Sicoderus bautistai inhabits forests of Hispaniola, typically associated with vine plants upon which they feed with a specialized long proboscis. The integumentary surface is black and shiny,

Adults achieve a length of up to 3.8 mm, with males at least 3.2 mm and females at least 2.9 mm.

The antenna insertion point occurs at the middle in the rostrum in the female, and just beyond in the male. The rostrum is 1.00–1.08 times the length of the elytra in males, and 1.09–1.17 times in females. The eyes occur at the rostrum's midlength, separated by about one half its width. The globose prothorax is widest at the middle and characterized by very few large, deep punctures and erect setae scattered throughout. The elytra have numerous erect setae, and the humeri are non-angulate and fully reduced.

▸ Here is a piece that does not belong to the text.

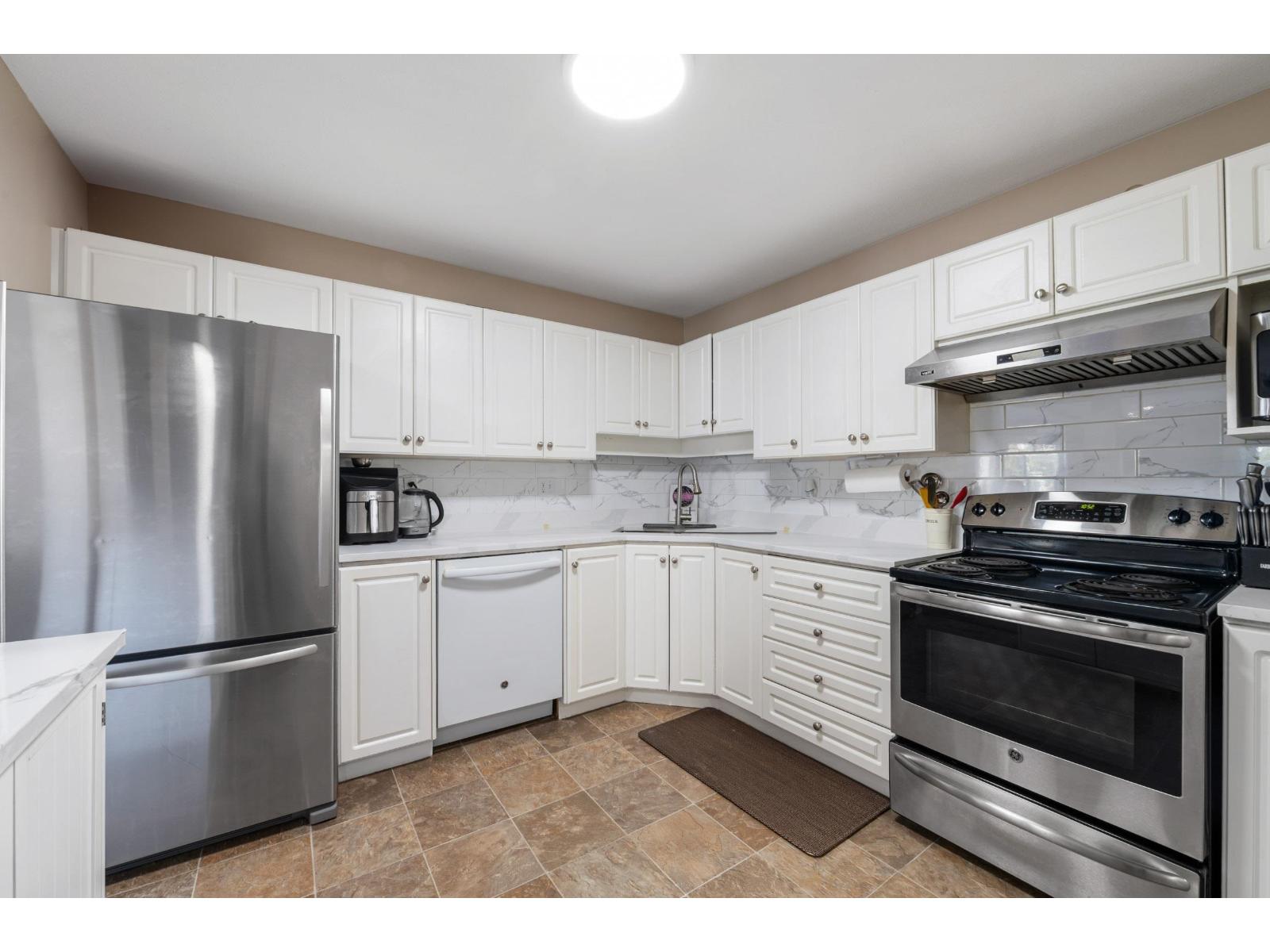 211 31831 Peardonville Road, Abbotsford, British Columbia  V2T 1L5 - Photo 14 - R3113882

In males, the first ventrite has a small cluster of fine seta, but is not raised near the posterior margin. For the female, it is uniformly convex. The fifth ventrite in males has fine, shallow setae on an impression covering about one half its length, whereas the female's is uniformly convex. The male has an aedeagus whose internal sac has a pair of basal sclerites that are long, curved, and join at the anterior.

The profemora are very small with a dull tooth, whereas the mesofemora and metafemora do not have a tooth. Each tarsus has a basal tooth.

It can be distinguished from closely related species S. ramosi, S. guanyangi, and S. turnbowi by the presence and size of the femoral teeth, the structure of the first male ventrite, and the structure of the internal sac's basal sclerite in the male.